Pemberian cairan dapat dilakukan sedini mungkin untuk mencegah terjadinya


hipertermi, dehidrasi, dan komplikasi pada organ-organ tubuh lainnya, dan minum sedikitnya
± 2,5 liter air setiap hari. Tetapi untuk perdarahan aktif pada waktu persalinan, pemberian
cairan per infuse harus cukup banyak dan mengandung elektrolit yang diperlukan oleh tubuh.

3) Pemeriksaan Fisik
a. Observasi kontraksi uterus, fundus uteri dan perdarahan.
b. Sarankan agar ibu tidak menggunakan pembebat perut segera pada masa nifas, karena
mempersulit bagi petugas kesehatan untuk menilai tonus dan posisi uterus.
4) Kebersihan Diri
a. Anjurkan kebersihan seluruh tubuh.
b. Mengajarkan ibu cara membersihkan daerah kelamin dengan sabun dan air.
c. Anjurkan ibu untuk mengganti pembalut 2x sehari.
d. Anjurkan ibu mencuci tangan dengan sabun dan air sebelum dan sesudah
membersihkan alat kelamin.
e. Anjurkan ibu jika mempunyai luka episiotomi/laserasi untuk menghindari
menyentuh daerah luka.
5) Istirahat
a. Anjurkan ibu agar istirahat cukup untuk mencegah kelelahan yang berlebihan.
b. Anjurkan ibu untuk tidur siang atau beristirahat selagi bayi tidur.
c.

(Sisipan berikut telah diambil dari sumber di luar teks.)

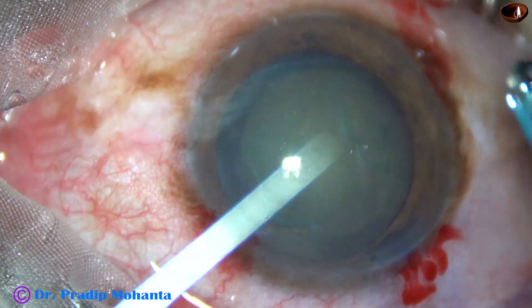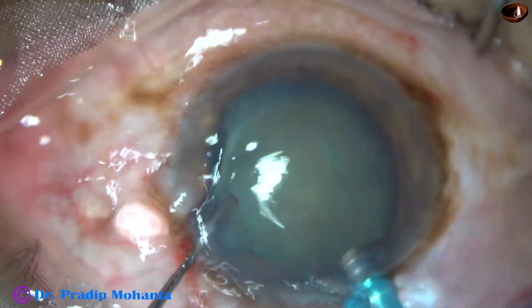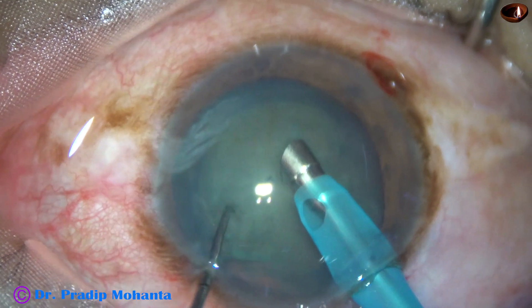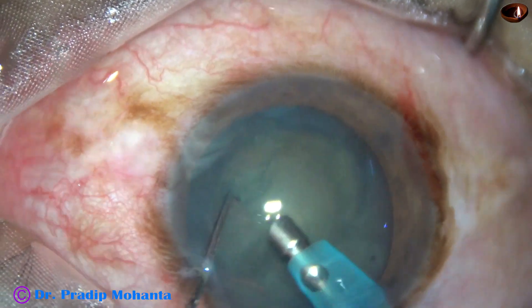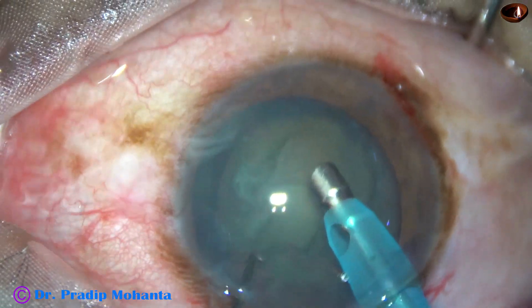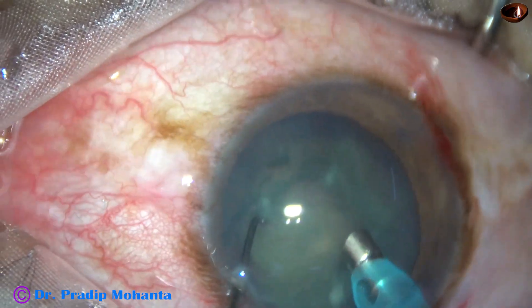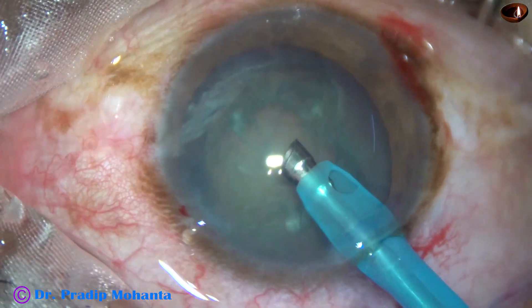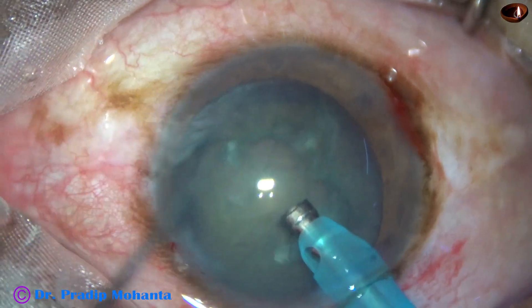Let us note how much time we take for nucleus management. At 2 minutes 15 seconds the phaco handpiece goes in. After aspirating some superficial cortical lens matter, the nucleus is rotated both clockwise and anticlockwise. The handpiece is then turned to make the bevel up.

Kurang istirahat akan mempengaruhi :
- Mempengaruhi jumlah ASI yang diproduksi.
- Memperlambat proses involusi uterus dan memperbanyak perdarahan.
- Menyebabkan depresi dan ketidakmampuan untuk merawat bayi dan dirinya sendiri.

6) Latihan
a. Tidur terlentang dengan lengan di samping, menarik otot perut selagi menarik nafas,
tahan nafas ke dalam dan angkat dagu ke atas.
b. Untuk memperkuat tonus otot jalan lahir dan dasar panggul.
c. Berdiri dengan tungkai dirapatkan, kencangkan otot-otot pantat dan panggul.
7) Gizi
a. Mengkonsumsi tambahan : 5000 kalori setiap Hari.
b. Makan dengan diet berimbang untuk mendapatkan protein, mineral dan vitamin yang
cukup.
c. Tablet zat besi harus diminum untuk menambah zat gizi setidaknya 40 hari pasca
bersalin.
d. Minum kapsul Vit.A (200-600 unit) agar bisa mendapatkan Vit. A kepada bayinya
melalui ASInya.
8) Miksi harus secepatnya dilakukan sendiri. Bila kandung kemih penuh dan
tidak bisa miksi sendiri dilakukan kateterisasi.
9) Defekasi harus ada dalam 3-4 hari post partum, bila masih sulit buang air
besar dan terjadi obstipasi apalagi berak keras dapat diberikan obat laksans
per oral atau per rektal. Jika masih belum bisa dilakukan klisma.
10) Perawatan Payudara
a. Menjaga payudara tetap bersih terutama puting susu.
b. Menggunakan BH yang menyokong payudara.
11) Senggama
a. Secara fisik aman untuk memulai hubungan suami istri begitu darah merah berhenti.
b. Menunda hubungan suami istri sampai masa waktu tertentu (40 hari, atau 6 minggu
setelah persalinan).
c. Ibu siap secara psikologis untuk melakukan hubungan suami istri.
12) KB

Diberi penjelasan alat kontrasepsi untuk kesehatan ibu, bayi dan keluarga sebaiknya
menggunakan KB untuk menjarangkan anak.

Jenis-jenis kontrasepsi :

a) Metode sederhana

1. Kondom : dipasang pada alat kelamin pria


2. Senggama terputus : mengeluarkan cairan sperma di luar alat kelamin wanita
3. Pantang berkala : berpantang (tidak coitus) beberapa hari sebelum, ditambah
beberapa hari sesudah ovulasi
4. Obat spermatisid : bahan kimia untuk mematikan sperma

b) Metode efektif

(1) Suntikan KB
o Pemberiannya sederhana tiap 4–12 minggu, kemungkinan salah atau lupa
memakainya tidak ada
o Suntikan KB 1 bulan : menstruasi lancar
o Suntikan KB 3 bulan : pengeluaran ASI lancar. Tingkat efektivitasnya tinggi.
o Kerugian: Suntikan KB 1 bulan : pengeluaran ASI tidak lancar, suntikan KB 3
bulan terjadi amenorhoe berkepanjangan, mual, sakit kepala.

(2) Pil KB

o Keuntungan : Bila minum pil sesuai dengan aturan dijamin berhasil.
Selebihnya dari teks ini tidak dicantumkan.